One toolkit focus is the recently implemented work requirements for Medicaid, which negatively impact people with medical issues who need Medicaid. As the toolkit points out, the requirements widen the racial disparities to health care access. Katie Adams, the UCC’s policy advocate for domestic issues, notes, “Here’s the thing: work requirements are inherently racist, their implementation and implication stemming from a white supremacist justification for slavery.”
In examining current context, the toolkit also looks at the impact a loss of the Affordable Care Act would have on millions of U.S. citizens. It is estimated that were the ACA to be repealed, nearly 30 million people would lose their insurance and health care access immediately. Protections for costly medical care and pre-existing conditions would end, with no current legislative plan for replacement.

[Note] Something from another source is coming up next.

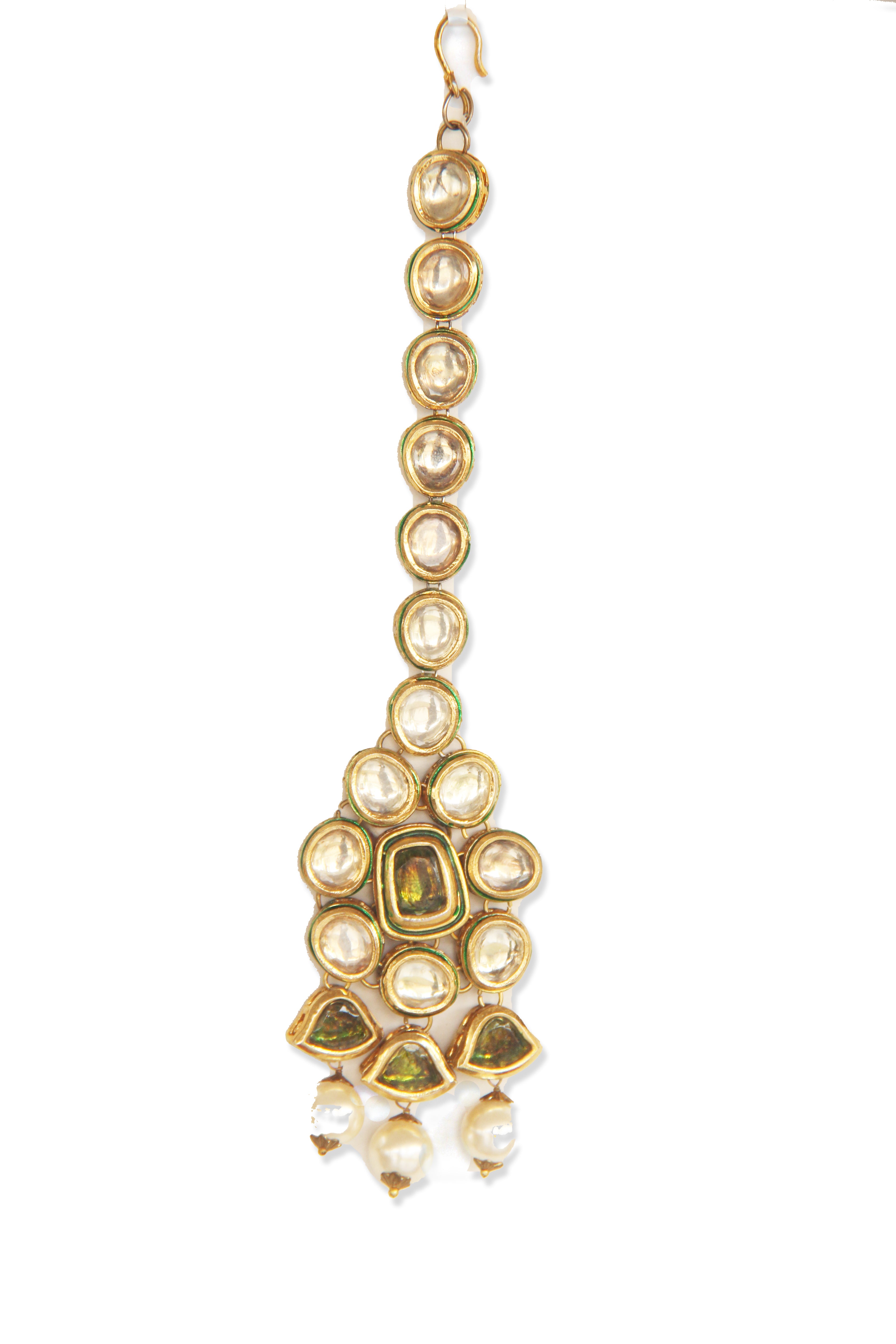 NOOR Head Accessory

The Be A Voice Health and Human Service Advocacy Toolkit also includes definitions of widely-used health care justice terminology, as well as a list of web links to programs, articles, organizations, and worship materials. A special section of resources on the spread of COVID-19 and its impact on health care access also is included.
“When the CHHSM board chose the ‘Be a Voice’ advocacy issues, there is no way anyone could have predicted that we would be writing an advocacy toolkit in the midst of a global pandemic,” says the Rev. Elyse Berry, D.Min., Associate for Advocacy and Leadership Development. “And yet, naming health care access as well as social determinants of health could not have been more timely and more accurate in highlighting their importance. As a recent study we cite in the toolkit reports, over 5 million American workers lost health insurance this year due COVID-19 related job loss. That number is astounding and is 39 percent higher than any annual increase in the number of uninsured adults ever recorded.
“This is why when we discuss health care access, we can’t just talk about how many people have insurance, but how stable and consistent is that insurance? How comprehensive is that insurance and how far does it reach in terms of covered providers and across state lines? When our system is set up in such a patchwork way, these are the types of questions that leave us wanting for better answers; and these are the types of answers that lead to disparities in illness and death.”
The advocacy section of CHHSM’s website includes both the in-depth toolkit sections and useful, one-page topic summaries with questions.